The legislators want to require schools to make sure that transgender kids use the facility that comports with their anatomical gender as opposed to the gender with which they identify.
There’s no question that the issue of transgender rights has taken society by storm and in a hurry, and it will take some time to sort out how to deal with all the issues that come up. But is this really a necessary topic for state legislation? I especially ask that question in light of the fact that it is being proposed by Republican legislators who are supposed to belong to the party of local control and staying out of people’s personal business.
Maybe it would be better for our state government to just send the simple message that these questions should be handled by local school districts and by the teachers and administrators on the front lines, in a manner that is as compassionate and as sensitive as possible, and see how that works. If discrimination is the result, well, then we might need legislation to protect the rights of transgender kids — exactly the opposite of what the legislators are proposing — but let’s see how things play out in the real world first. I trust the adults running the schools in their local communities more than I do legislators in Madison right now.

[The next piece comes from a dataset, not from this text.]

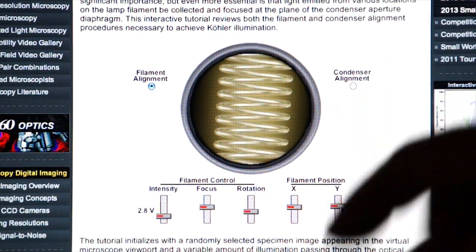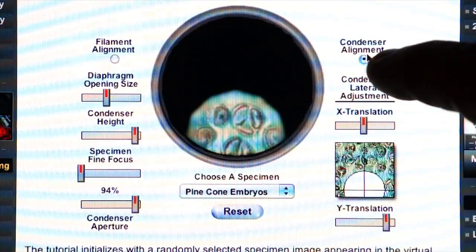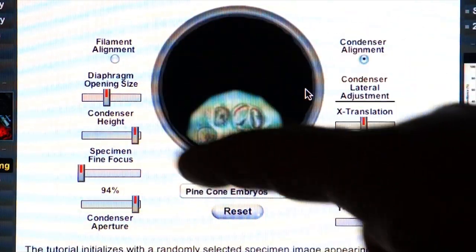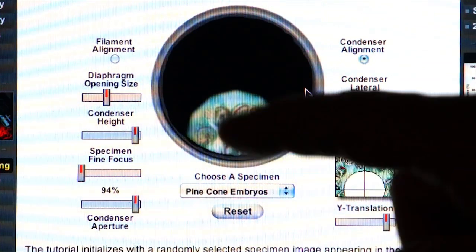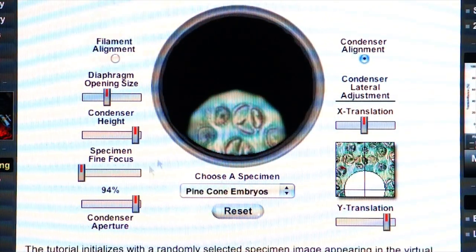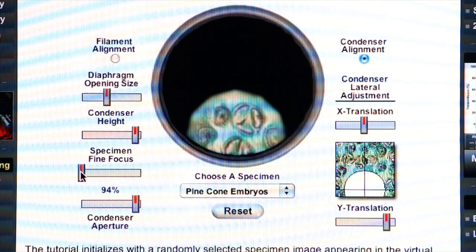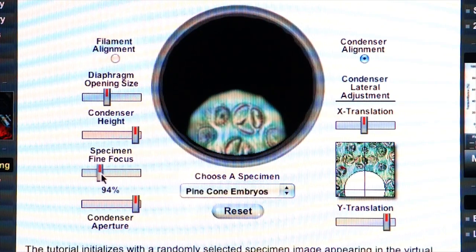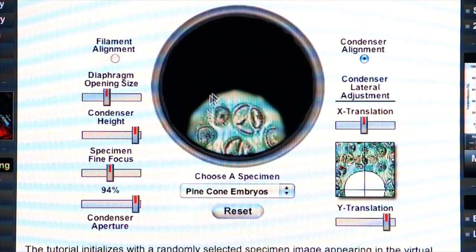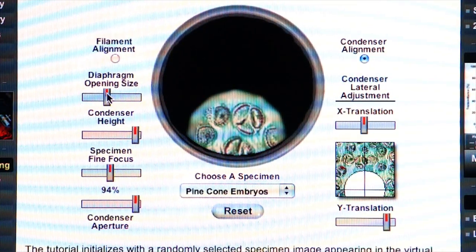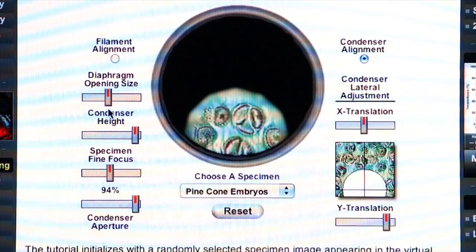Now let's discuss the condenser alignment, because this is how you actually do Köhler illumination. Clicking on the condenser alignment tutorial, you see the field of view in the microscope. The first thing to do is use the 10x objective and get your specimen finely focused. Then close down your field diaphragm until you can see it in the field of view — close it enough so that you can see almost the whole diaphragm.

But this, of course, has nothing to do with legislators trying to solve a real problem anyway. It’s just another salvo in the culture wars. We’ve got a white, Christian, straight majority that looks around and sees the world becoming more black, brown and Asian, more secular and more Islamic, and more accepting of gay and transgender communities. For whatever reason, the current majority sees these things as a grave threat that must be resisted.
What I have a hard time understanding is why it seems so cataclysmic to them. Nobody is talking or even thinking about impinging on the rights of Christians to practice their religions or for white folks to preserve and celebrate their European cultural heritages or for heterosexuals to live and love as such. As a straight guy I could never understand the argument that gay marriages would somehow threaten my own. And it seems to me that if Christians should ever become a minority in this country, then the best way for them to put their minds at ease would be to treat those who practice other religions or who practice no religion just as they would want to be treated if they were in the minority. On the other hand, setting a tone of intolerance now doesn’t bode well for those who might find themselves in the minority going forward.

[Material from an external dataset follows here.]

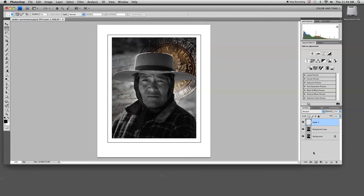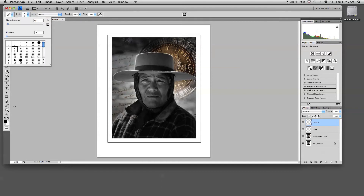Now a nice finishing touch may be a digital signature. If you're interested in adding a signature to your imagery you could again add a new blank layer. I have a Wacom tablet here, so if you have a tablet you can use that to sign freely, or if you have a signature that you've scanned in you can add it at this point.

So, people have every right to hunker down if they want and retreat from a world that is changing in ways that make them uncomfortable. As a wise man once said, ‘You can just go and live in a trailer down by the river!’ But for those of us who would like to remain engaged in the world, we have to accept the changes that are happening.

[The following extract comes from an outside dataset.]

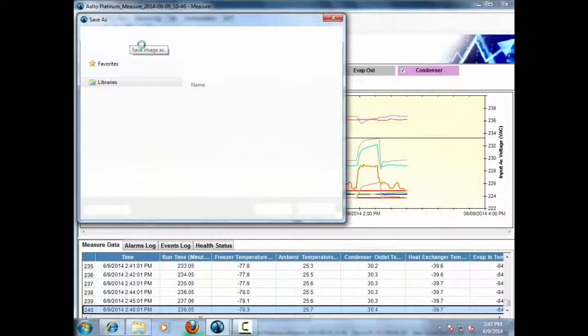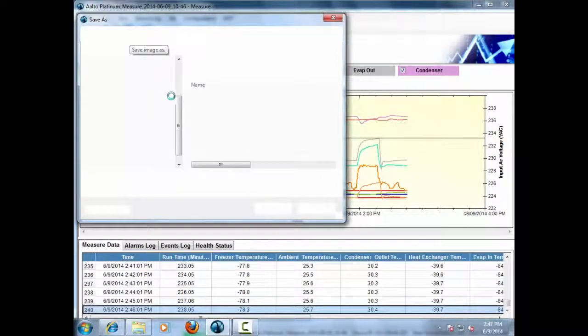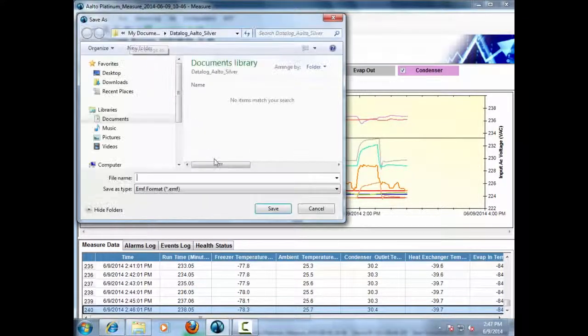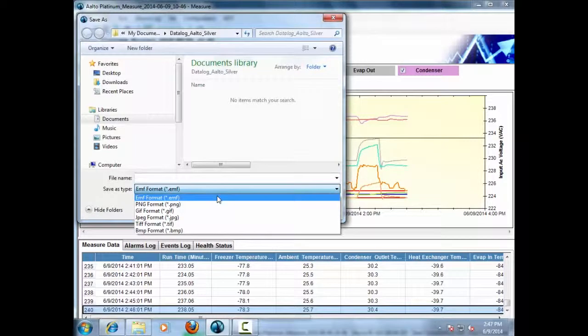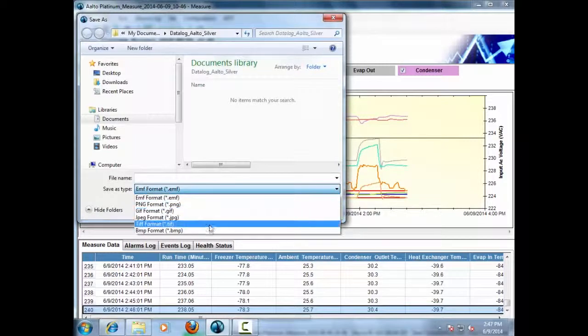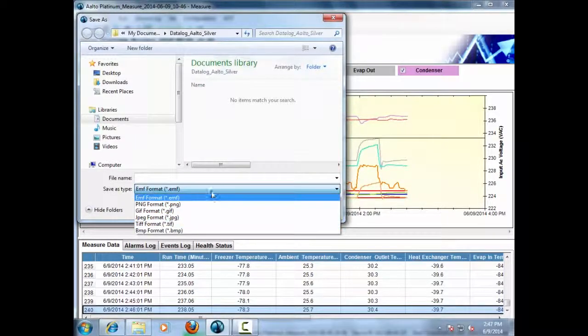Also, the graph can be expanded horizontally or vertically, or stretched horizontally or vertically.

I will live the rest of my life as a straight, white man and — who knows? — as I get older maybe someday I’ll even rediscover my Catholicism. There are two things I can’t change: the fundamentals of who I am and the broad demographic changes that are already well under way. To cling to a past where my people (straight, white guys) ran everything is to guarantee getting run over by the future.
The world is heading in the direction of more acceptance of beliefs and ways of living that might be described as “nontraditional” — although I know a lot of people who are extremely traditional in their views while being gay or atheist or transgender at the same time.
So, the school bathroom bill isn’t just silly; it’s a reflection of a broader, irrational fear (it’s not too much to think of it as paranoia) from a group that feels that it is losing its grip on America. They are, but it’s not the end of the world. It is the world.